***** Excerpted records
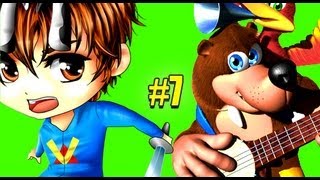 Lets Play Banjo Kazooie With Venturian Ep 7 [upl. by Beshore193]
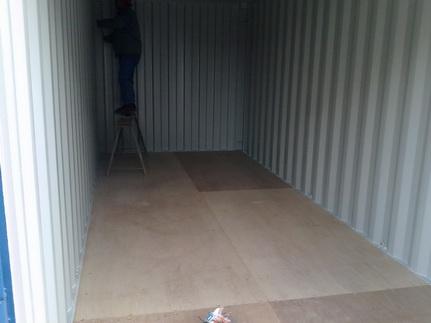 上海二手集裝箱供應商圖片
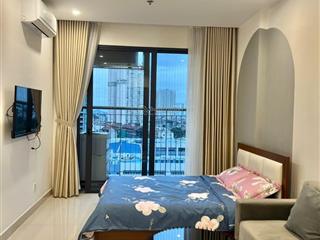 7 triệu/tháng thuê ngay căn hộ studio tại tòa s301 vinhomes smart city, tây mỗ  full nội thất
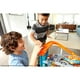 image 10 of Hot Wheels Ultimate Garage Tower Shark Loop Racetrack, 2 Vehicles Set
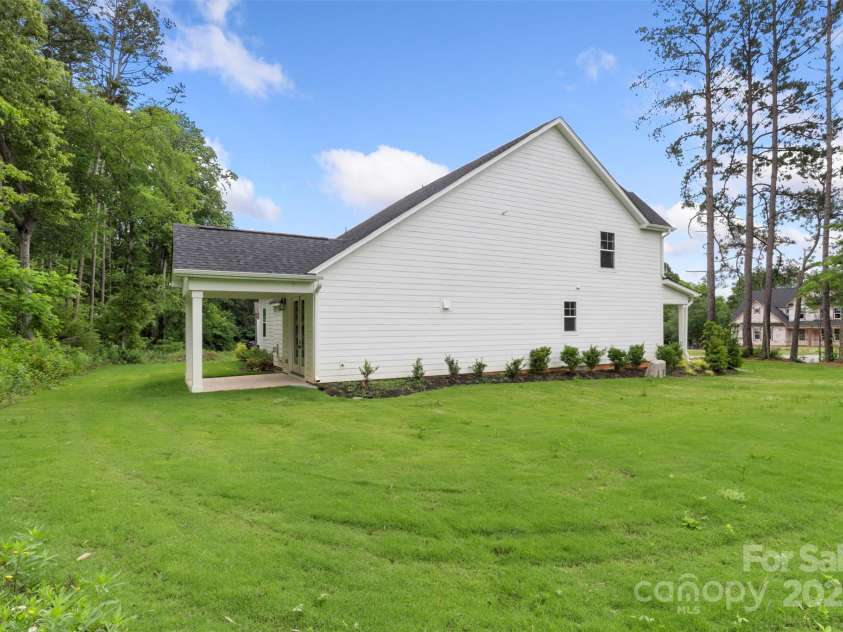 3222 Player Court, Salisbury, NC 28144.  MLS# CAR4269838, YatesRealty ID 20693. 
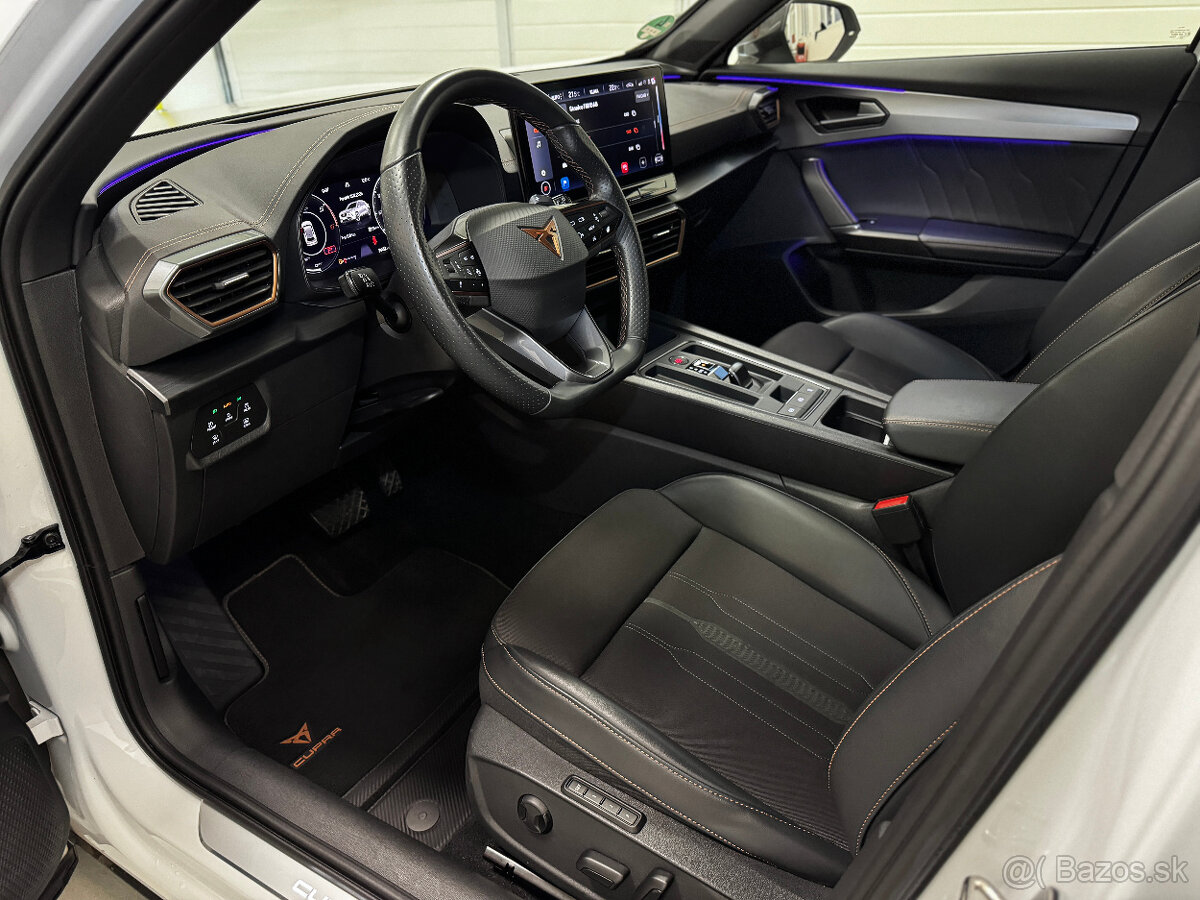 Cupra Formentor 2,0TDI 110 KW DSG 4x4 rv.9/2022 - 8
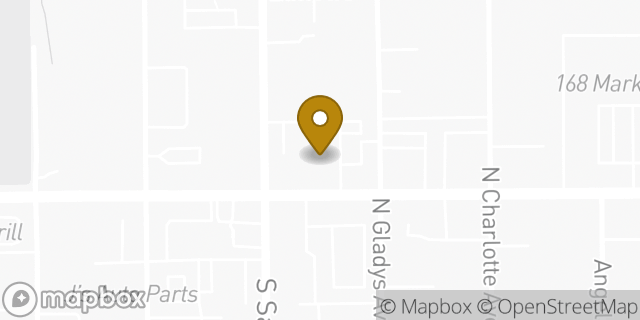 Map showing the location of CVS Pharmacy in San Gabriel, CA 91775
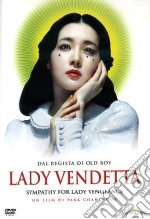 Lady Vendetta dvd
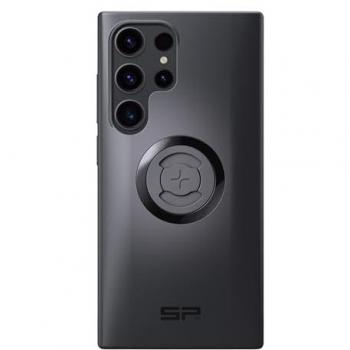 Funda de teléfono SP Connect SPC+ para Samsung Galaxy S24 Ultra - Negra, tamaño único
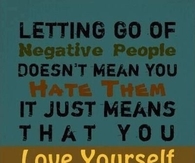 Love yourself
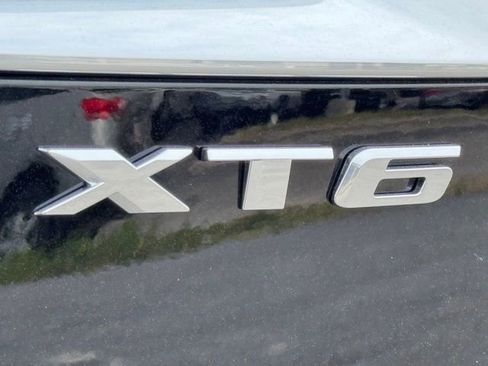 New 2025 Cadillac XT6 Sport w/ Technology Package image 9
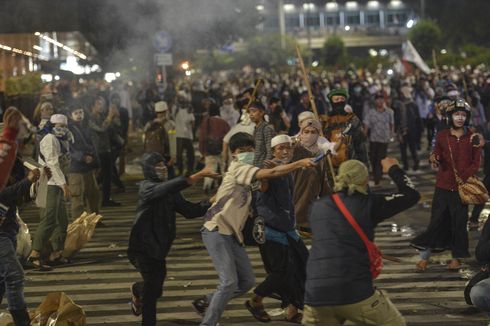 LPSK Kaji Permohonan Perlindungan Keluarga Korban Kerusuhan 22 Mei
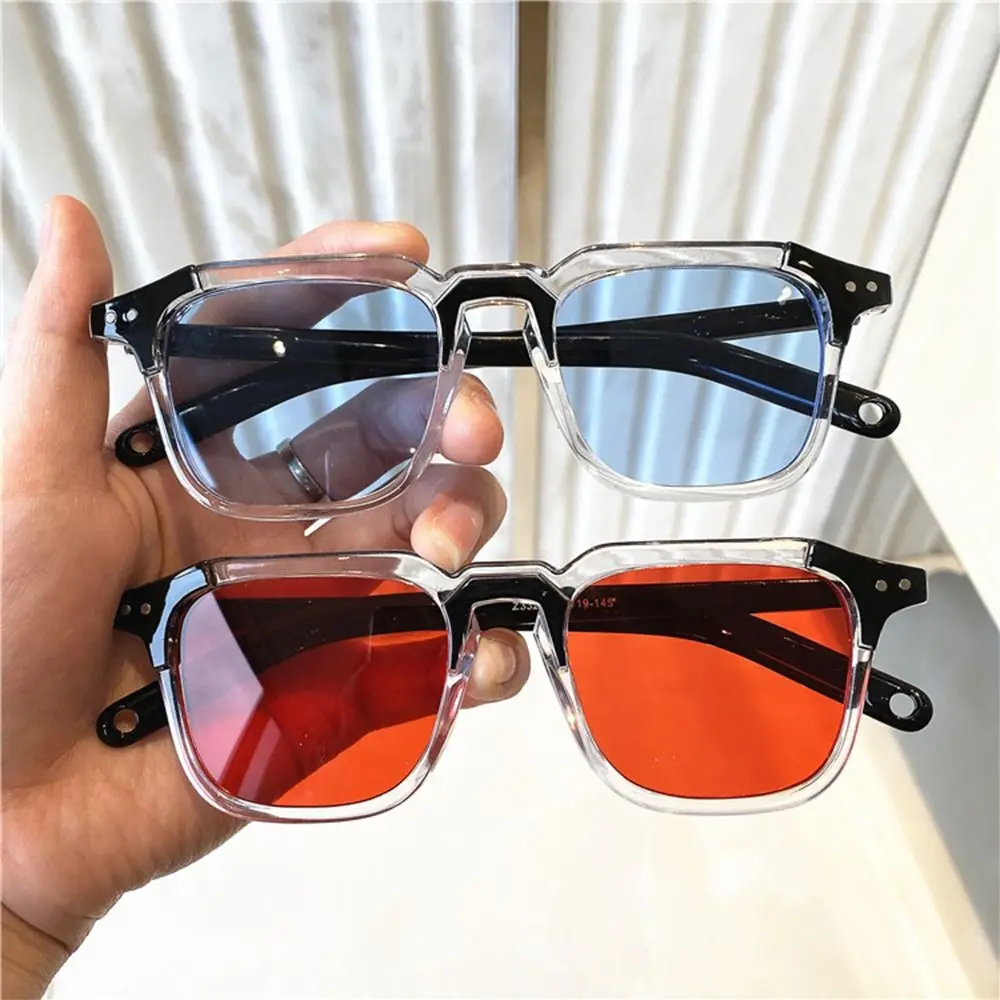 Gafas polarizadas UV400 cuadradas – Protección solar para pesca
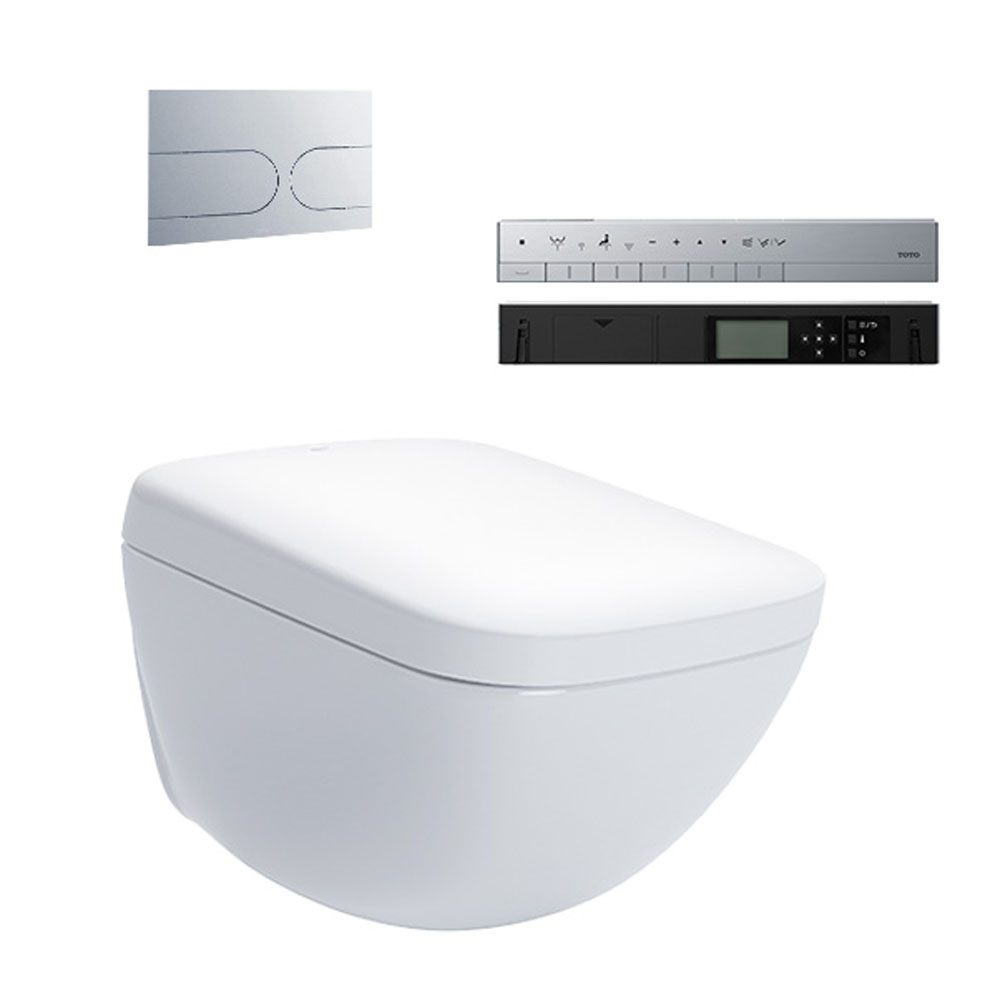 TOTO CW927PZT / TCF95380GAA - NEOREST WX - Luxurious Integrated Toilet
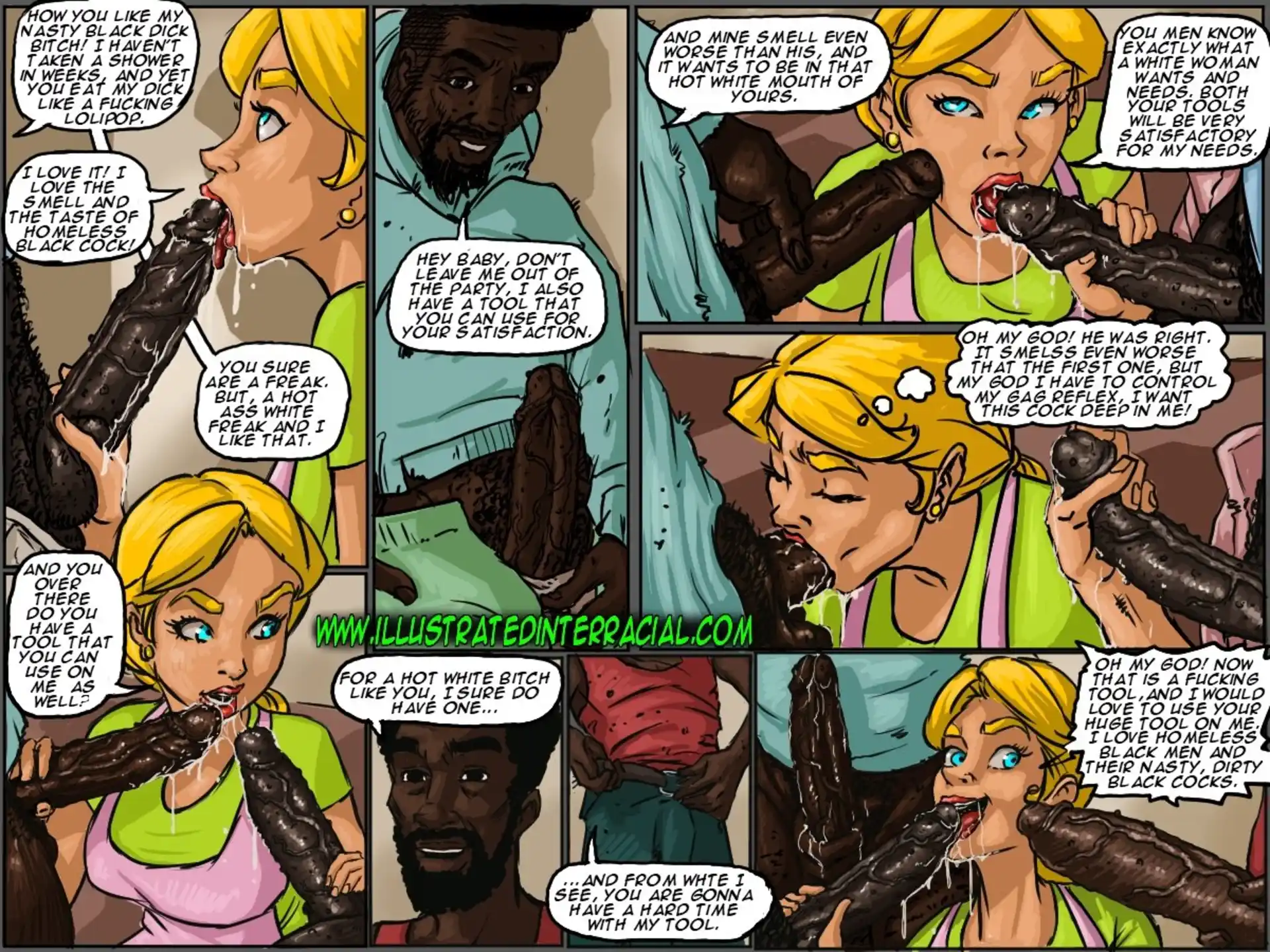 Horny Little Jane Horny Little Jane - Chapter 1 page 5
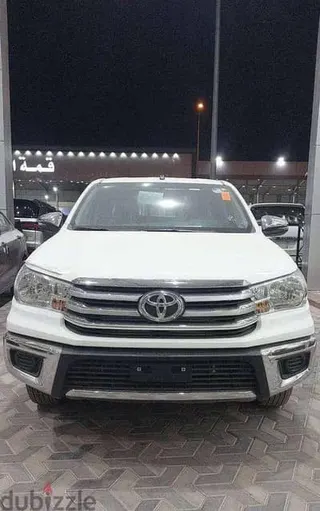 Toyota Hilux 2024 — Dubizzle Saudi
**********
* Work request
From the first line to the last, return the material above exactly, apart from the pictures.

* Exercise solution
 Lets Play Banjo Kazooie With Venturian Ep 7 [upl. by Beshore193]
 上海二手集裝箱供應商圖片
 7 triệu/tháng thuê ngay căn hộ studio tại tòa s301 vinhomes smart city, tây mỗ  full nội thất
 image 10 of Hot Wheels Ultimate Garage Tower Shark Loop Racetrack, 2 Vehicles Set
 3222 Player Court, Salisbury, NC 28144.  MLS# CAR4269838, YatesRealty ID 20693. 
 Cupra Formentor 2,0TDI 110 KW DSG 4x4 rv.9/2022 - 8
 Map showing the location of CVS Pharmacy in San Gabriel, CA 91775
 Lady Vendetta dvd
 Funda de teléfono SP Connect SPC+ para Samsung Galaxy S24 Ultra - Negra, tamaño único
 Love yourself
 New 2025 Cadillac XT6 Sport w/ Technology Package image 9
 LPSK Kaji Permohonan Perlindungan Keluarga Korban Kerusuhan 22 Mei
 Gafas polarizadas UV400 cuadradas – Protección solar para pesca
 TOTO CW927PZT / TCF95380GAA - NEOREST WX - Luxurious Integrated Toilet
 Horny Little Jane Horny Little Jane - Chapter 1 page 5
 Toyota Hilux 2024 — Dubizzle Saudi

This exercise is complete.